TASK GOAL: Write every line below out again, exactly as given, but leave out the pictures.

DATASET EXCERPT:
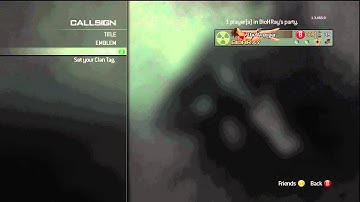 Call of Duty: Modern Warfare 3 - How to get Buttons in your Clan Tag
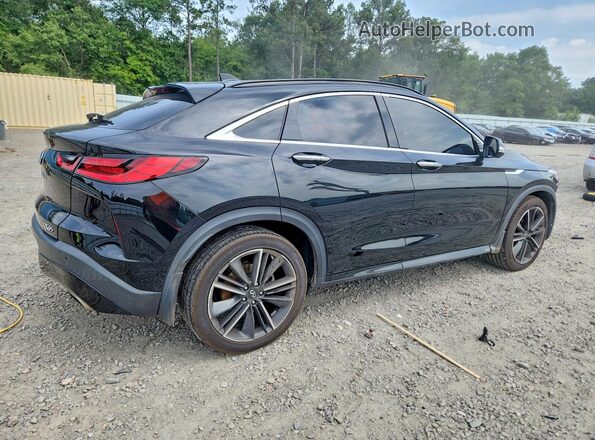 3PCAJ5L32NF102378 2022 INFINITI QX55 Black Tył prawy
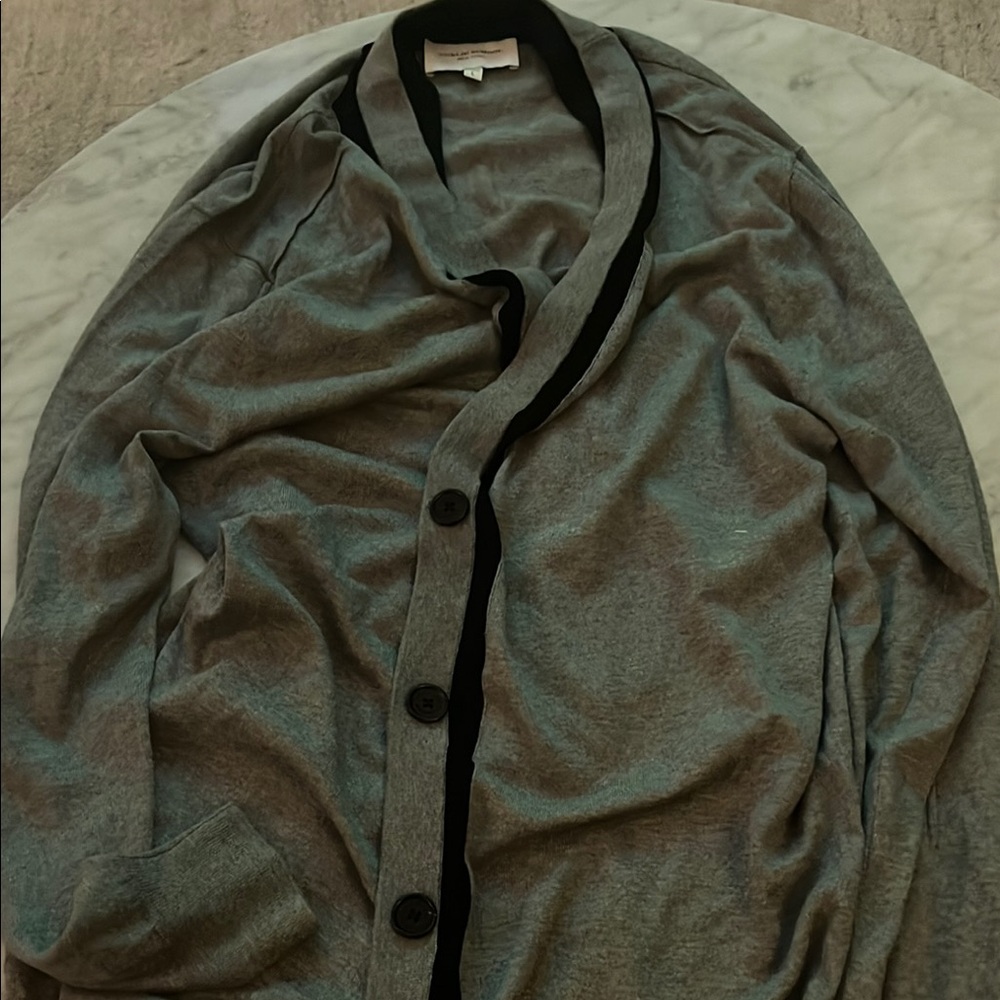 Public School Gray and Black Cardigan Sweater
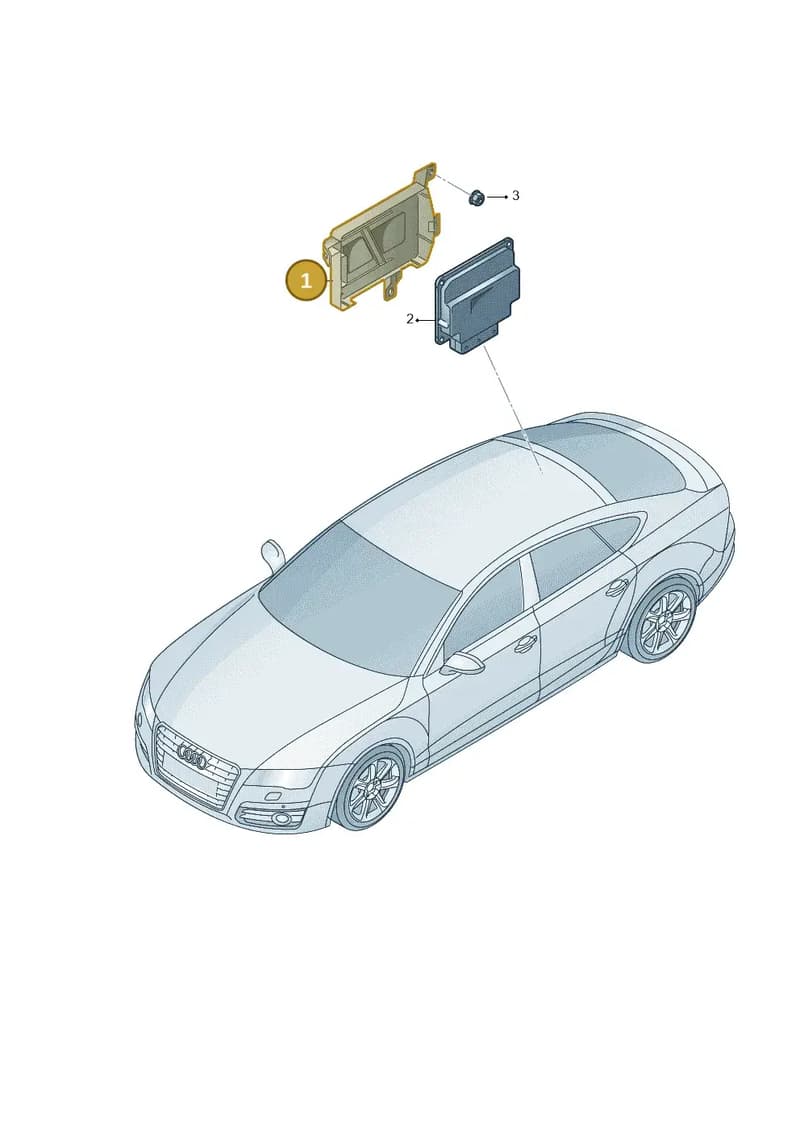 4G0907713 — Audi RS7 Sportback (2013-2018) diagram 765907250, position 1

TASK RESULT:
 Call of Duty: Modern Warfare 3 - How to get Buttons in your Clan Tag
 3PCAJ5L32NF102378 2022 INFINITI QX55 Black Tył prawy
 Public School Gray and Black Cardigan Sweater
 4G0907713 — Audi RS7 Sportback (2013-2018) diagram 765907250, position 1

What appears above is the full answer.